§ **Excerpted records**:
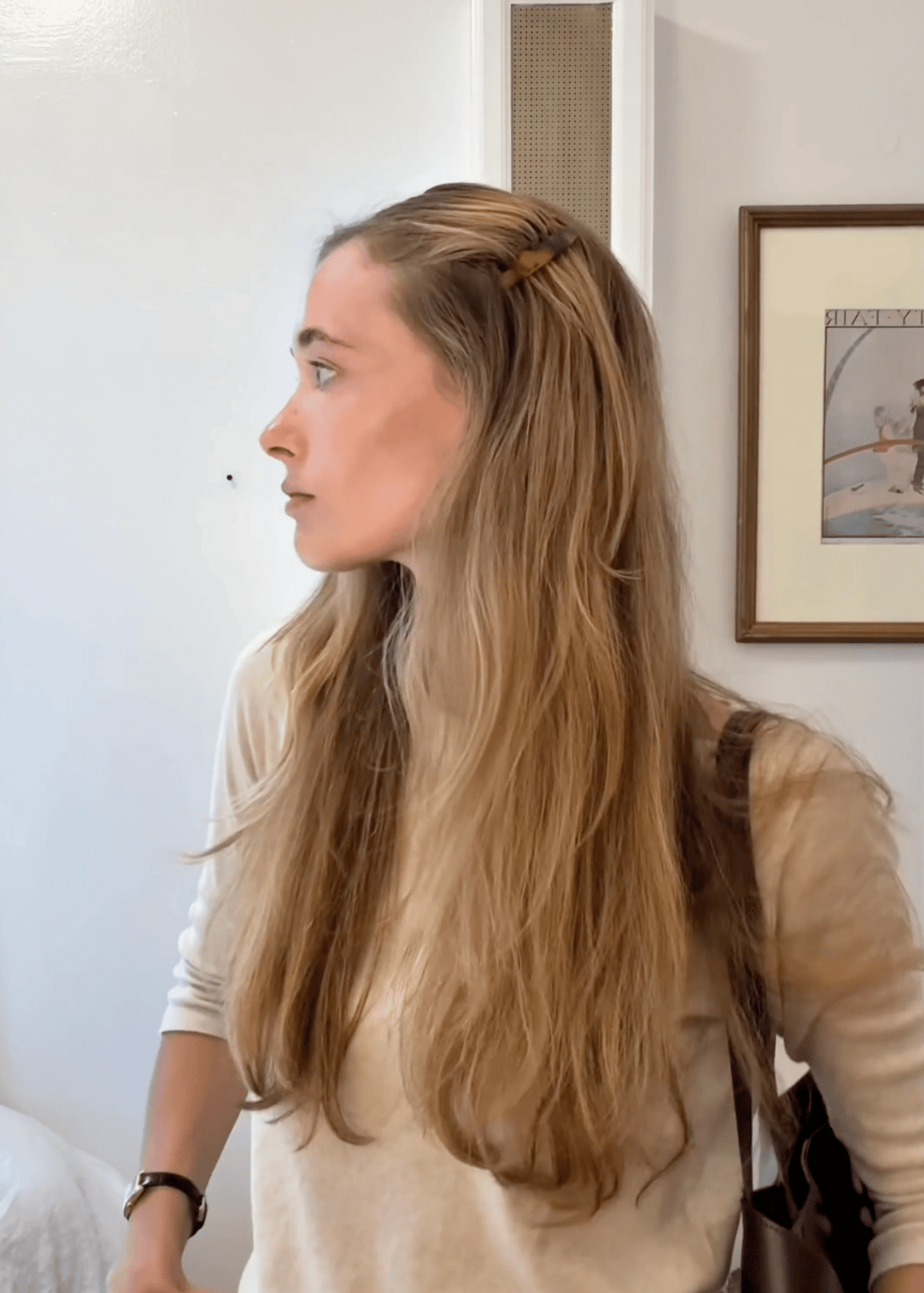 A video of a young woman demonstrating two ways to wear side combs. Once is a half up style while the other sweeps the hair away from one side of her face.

--

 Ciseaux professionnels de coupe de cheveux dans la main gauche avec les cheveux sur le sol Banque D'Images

---

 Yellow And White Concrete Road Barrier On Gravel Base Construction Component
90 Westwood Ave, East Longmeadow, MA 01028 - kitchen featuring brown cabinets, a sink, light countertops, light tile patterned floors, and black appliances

§ **Directions**: Output the material above exactly, but only from the line that carries "Yellow And White" through the line that carries "90 Westwood Ave, East".

§ **Task result**:
 Yellow And White Concrete Road Barrier On Gravel Base Construction Component
90 Westwood Ave, East Longmeadow, MA 01028 - kitchen featuring brown cabinets, a sink, light countertops, light tile patterned floors, and black appliances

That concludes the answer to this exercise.